Browser Equality Might Actually Come Soon to Europe

For awhile now, Europe has finally been trying to get things straight with Microsoft, who has been monopolizing browser market for as long as we can remember.

The EU’s antitrust case, which kicked off last January, had been sparked by complaints filed by Opera in December 2007, when the Norwegian browser maker accused Microsoft of shielding IE from real competition by bundling it with Windows. To level the playing field, the commission wants Microsoft to let consumers decide which browser they use.

I think it’s fair to say that operating system manufacturers including Microsoft, Linux, and others, should now include options for computer users to select their own browser.

For example, every time I get a new Windows computer or install Windows, the first thing I do is to install Mozilla Firefox and Google Chrome while dumping Internet Explorer.  That sorta gets annoying and to think others who are not computer-competent (those who don’t know how to download and install new browsers) are our stuck with Microsoft’s proprietary technology makes me mad.  And think of the additional benefits of not using vulnerable IE such as not getting worms and the chances of your computer being hacked decreasing.

Of course, this is only the case in Europe.   At best, this is not likely to happen overnight in other parts of the world including Asia and here in America. (where it really needs to happen)

I do highly like the idea of randomizing the browsers, that will make fair play for the browser market.

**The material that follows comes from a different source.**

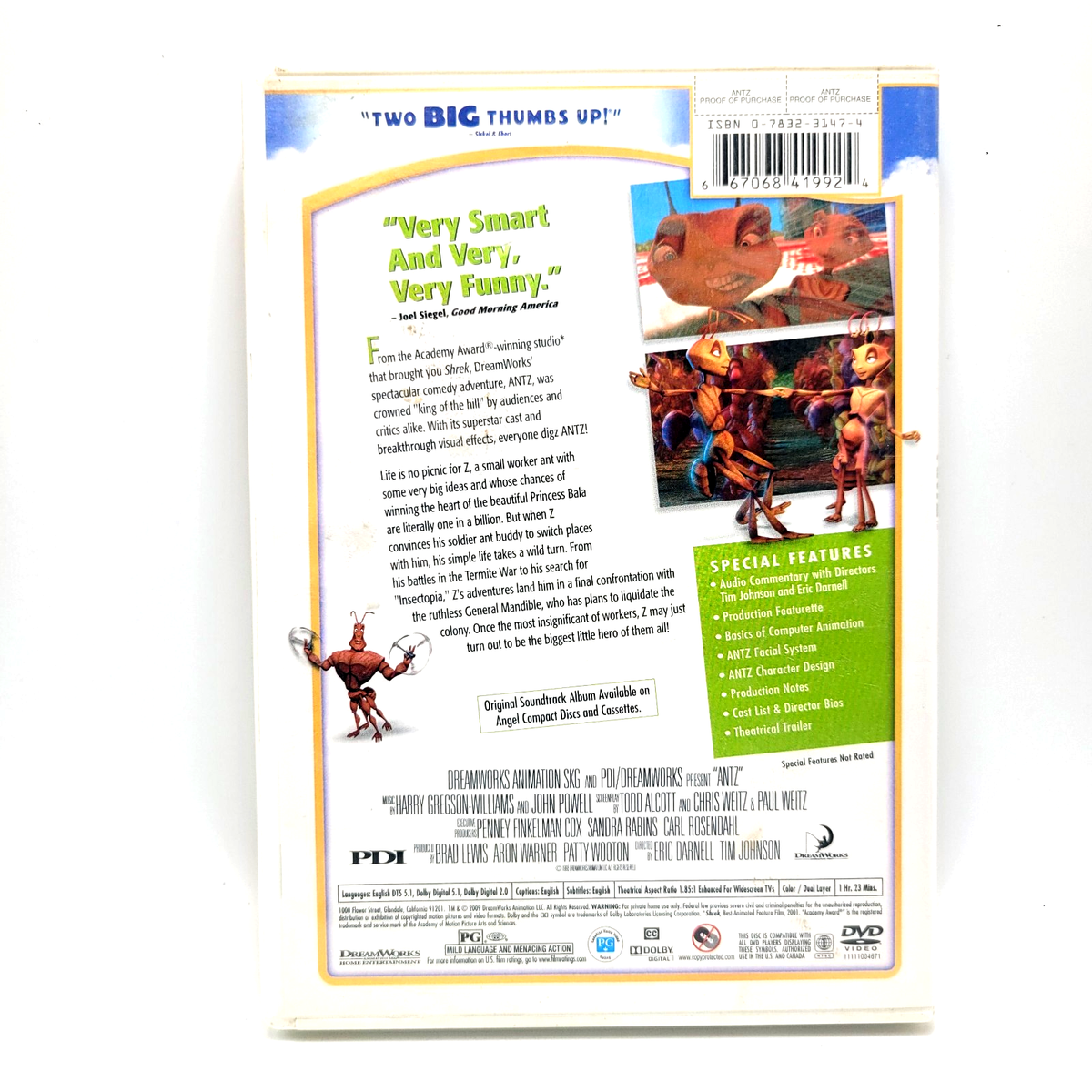 Antz by Dreamworks (DVD 2009 Widescreen) - SHIPS WITH TRACKING! | eBay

Hakon Wium Lie, Opera’s chief technology officer, agreed with Mozilla that randomizing the browsers on the ballot would be a better solution than Microsoft’s original idea, which was to list them alphabetically by maker, a move that would put Apple’s Safari in the preferred left-hand position. “Alphabetizing would just lead to opportunistic naming,” Lie said in early November. “We could call ourselves AAA Browser Maker and get the first spot.”

Still, too many people in the world have familiarized themselves with IE (as a result of Microsoft’s monopoly) and I don’t think it’s a fair game unless we take IE out completely for as long as they have taken out the competition.